*** Data supplied Section Begins ***

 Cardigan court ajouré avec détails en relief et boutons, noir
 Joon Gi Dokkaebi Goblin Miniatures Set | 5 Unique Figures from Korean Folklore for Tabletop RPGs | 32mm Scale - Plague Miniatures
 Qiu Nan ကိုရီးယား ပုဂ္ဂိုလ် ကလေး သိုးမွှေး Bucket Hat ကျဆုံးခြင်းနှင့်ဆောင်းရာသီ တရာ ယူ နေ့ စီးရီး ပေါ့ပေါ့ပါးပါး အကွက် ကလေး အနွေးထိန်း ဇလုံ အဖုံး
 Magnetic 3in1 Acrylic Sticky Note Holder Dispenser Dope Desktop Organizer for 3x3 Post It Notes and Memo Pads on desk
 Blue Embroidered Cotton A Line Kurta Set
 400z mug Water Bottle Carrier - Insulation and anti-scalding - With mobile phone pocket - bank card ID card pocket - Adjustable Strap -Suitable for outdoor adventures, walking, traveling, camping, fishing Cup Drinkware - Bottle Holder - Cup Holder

*** Data supplied Section Ends ***

**Task item**.
Can you quote exactly the lines from the one containing "Magnetic 3in1 Acrylic" through the last line of the records above, and nothing else?

**Solution**.
 Magnetic 3in1 Acrylic Sticky Note Holder Dispenser Dope Desktop Organizer for 3x3 Post It Notes and Memo Pads on desk
 Blue Embroidered Cotton A Line Kurta Set
 400z mug Water Bottle Carrier - Insulation and anti-scalding - With mobile phone pocket - bank card ID card pocket - Adjustable Strap -Suitable for outdoor adventures, walking, traveling, camping, fishing Cup Drinkware - Bottle Holder - Cup Holder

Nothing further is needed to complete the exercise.